The African Development Bank (AfDB) Making Finance Work for Africa (MFW4A) and the German Cooperation (BMZ/GIZ) have held a two-day international workshop in Frankfurt, Germany, to improve participants’ understanding of trade financing in Africa.
The workshop, themed: “The Consolidation of International Correspondent Banking Relationships in Africa,” was attended by representatives of the main correspondent banks operating in Africa – Commerzbank, Deutsche Bank, Standard Chartered Bank, standard-setting bodies (FSB, SWIFT, GLEIF) and other international stakeholders. Its purpose was to discuss solutions to trade finance challenges in Africa.
“The Bank has always been a champion of trade finance as we view it as an important catalyst for economic growth and poverty reduction,” Yaw Kuffour, Manager of the Bank’s Trade Finance Division said.
Kufuor added that since the Bank launched a trade finance initiative 10 years ago, it has seen a significant reduction in barriers to its access. The initiative also seeks to foster sustainable partnerships in pursuit of greater access to finance for local banks and their clients.
The event highlighted the importance of understanding the constraints that limit growth in the trade finance portfolios of banks in order to benefit policy makers. These have been cited as lack of sufficient risk capital, competition, limits with correspondent banks, forex liquidity, regulatory restriction, and staff capacity.
MFW4A launched a Trade Finance Initiative (TFI) with support from the Bank and GIZ in early 2018, to raise awareness, promote regulatory compliance, and to build the capacity of local banks to introduce sophisticated products and grow their trade finance business.
“To underline how important trade is to economic growth and employment, this event seeks to do two things. Firstly, foster dialogue between important trade finance actors and secondly, drive solutions on how to reduce the trade finance gap in Africa,” Wolfgang Buecker, Head of GIZ’s Financial Sector Development Programme stated.
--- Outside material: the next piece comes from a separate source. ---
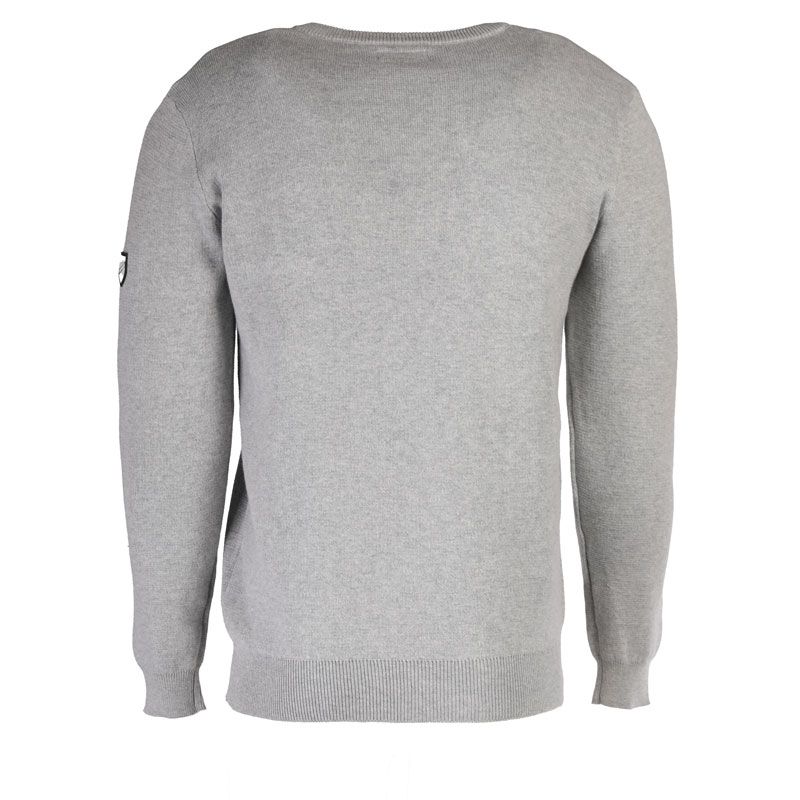 Pull col v gerlando Homme KAPORAL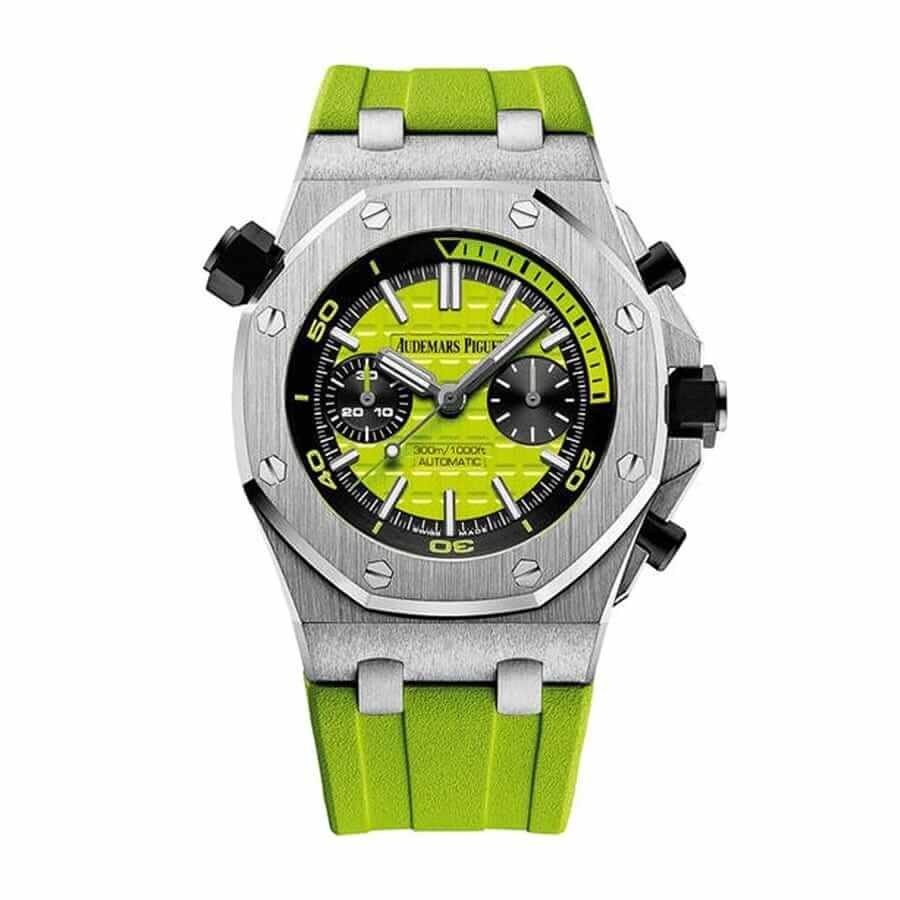 Audemars Piguet Royal Oak Offshore 26703ST.OO.A051CA.01 Collector??s Clone 1:1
Highlighting a key outcome of the workshop, David Ashiagbor, MFW4A Partnership Coordinator commented, “Priorities have been identified, and support has been mobilized to build trade finance capacity in local banks and improve the risk perception of African financial systems and curtail the reduction in correspondent banking relationships”.
Participants underlined the need to enhance institutional collaboration, scale up technical assistance, and promote non-traditional source of funds while leveraging digital technologies and innovations to boost international, intra-regional and domestic trade finance in Africa.